This was the first place I remember hearing about Jesus. I was sitting around one of those very low children’s tables with little chairs. The teacher was reading to us out of a book similar to Fun with Dick and Jane, but it was about Jesus. I felt a surge in my little heart unlike anything I had ever experienced. I couldn’t explain it and it frightened me. I seemed to have a small understanding about God, but who was this Jesus person, and why did I feel so funny learning about him?
I continued going to the Episcopal church, was confirmed, and served in church services. But the story of Jesus’ life as presented in the Bible, and the doctrines taught about him in church, just didn’t seem right. I could never reconcile the death of Jesus as an act to save us from our sins. It just wasn’t logical.
As I grew older, I moved away from organized religion. Science fiction became my source of universe philosophy. Heinlein, Asimov, Bradbury, Smith, Herbert, and Clarke all expanded my perception of reality and allowed me to consider existence beyond the boundaries of this planet.
College and my first marriage came along. I was still in a fog about Jesus, but at the same time God was still there. My wife and I looked into Eastern religions and astrology—the ’60s kind of things—but nothing lit my fire like science fiction. Life on this planet seemed to be changing rapidly and there was excitement about the future—I just didn’t know what that future was.
In 1970 we were living in the little town of Keego Harbor, Michigan. In September of that year I flew to San Francisco for a job interview. When I returned, my wife and a stranger named George Sammis picked me up at the airport. George was the friend of a neighbor in the apartment complex where we lived, and he was nice enough to drive my wife down to the airport. On the way home, George told me about a new book he had just gotten from his mother. The words he used to describe it were, “. . . and it is supposed to be written by people from outer space!” Whoa! The magic words: “outer space.” I was hooked.
That evening George came over and opened the box containing a brand-new copy of the Urantia Book, and we began reading, the first time for us all. We started with the first Adam and Eve paper, and by the time we finished it I knew that this book was the book with the answers. The next morning George returned home to Clear Lake, Iowa. The book went with him. No bookstores in our area carried the Urantia Book and we couldn’t find it in the library. I had no desire to read any of the four or five unread science fiction books sitting on my shelf. Then January came and George surprised us with a return visit and our very own copy of the Urantia Book. What an incredible gift!

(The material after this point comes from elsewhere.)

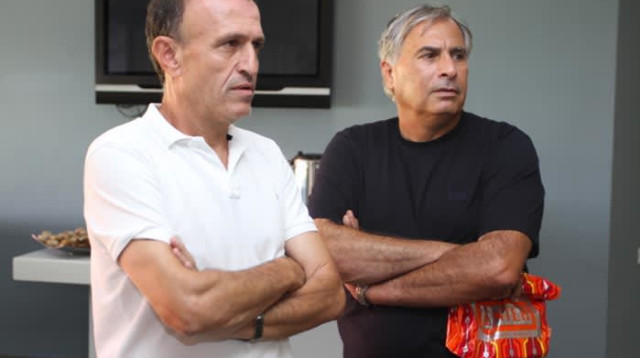 יוסי מזרחי (ימין) מאמן מכבי תל אביב עם אורי מלמיליאן מאמן בית"ר ירושלים (צילום: קובי אליהו)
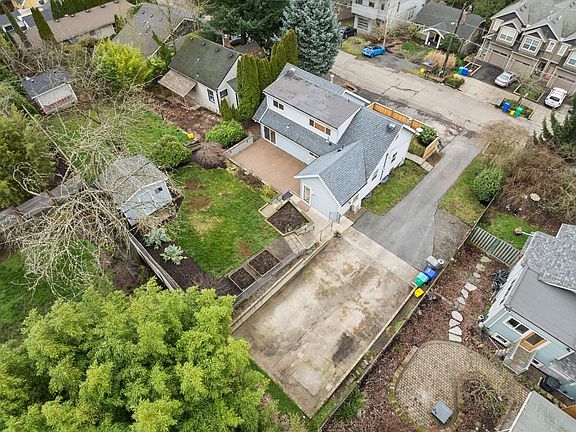 4th image of 1831 SW Evans St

My marriage was floundering and I thought a change of venue would help, so off to Colorado we went. The book came along, but other events in my life were taking precedence: The birth of a son, anti-war demonstrations at Colorado University in Boulder, difficulty keeping a job and rocky roads with my wife all led eventually to divorce and a return home to Michigan. My wife kept our original copy of the Urantia Book and I got my own. I read it nightly, keeping it on my night table, where coincidentally, Jane, my true love, first saw it.
Of all the times I have read the book, the most special was with Jane and our three children on our great 1976 odyssey to Alaska where we read it through together for the first time. Driving up the Alaskan Highway, listening to Beethoven, watching the unbelievable scenery and reading the Urantia Book—what an awesome way to finally find out about the matchless nature of our Creator Son/brother Michael! I am forever changed.
JANE ROPER
The year was 1969 and my first husband and I had just graduated from college in Iowa. We had both been accepted to law school in San Francisco, so together with our two-year-old daughter, Samantha, we moved to that glorious city the day after graduation. The Summer of Love, Haight-Ashbury, hippies, and anti-war sentiments were all very appealing after living in the Midwest. We rented an apartment in Sausalito and eventually became resident-managers of a magnificent Victorian mansion that had been converted into apartments. As managers it was our responsibility to screen tenants and rent out the apartments.
One apartment we rented was to a very nice interracial couple, a Black man, Johnny, and his Caucasian wife, Pam. We were told that Pam worked nights at a nursing home, and we accepted the information without question.
We became friends with Johnny and Pam. One day I was downstairs in their apartment, looking at their bookshelf. Sitting there was a copy of the Urantia Book. I had never seen it before. Being an inquisitive soul I picked it up and leafed through it—strange names, very big, kind of spooky, but then Johnny was into stuff like that, and had been lecturing us about the revolution to come.
“Hey, Johnny,” I asked him, “What is this book? What’s it about?”
“Well, Miss Jane,” he answered playfully, “I haven’t really read much of it, but from what I can tell, it is a book about everything!”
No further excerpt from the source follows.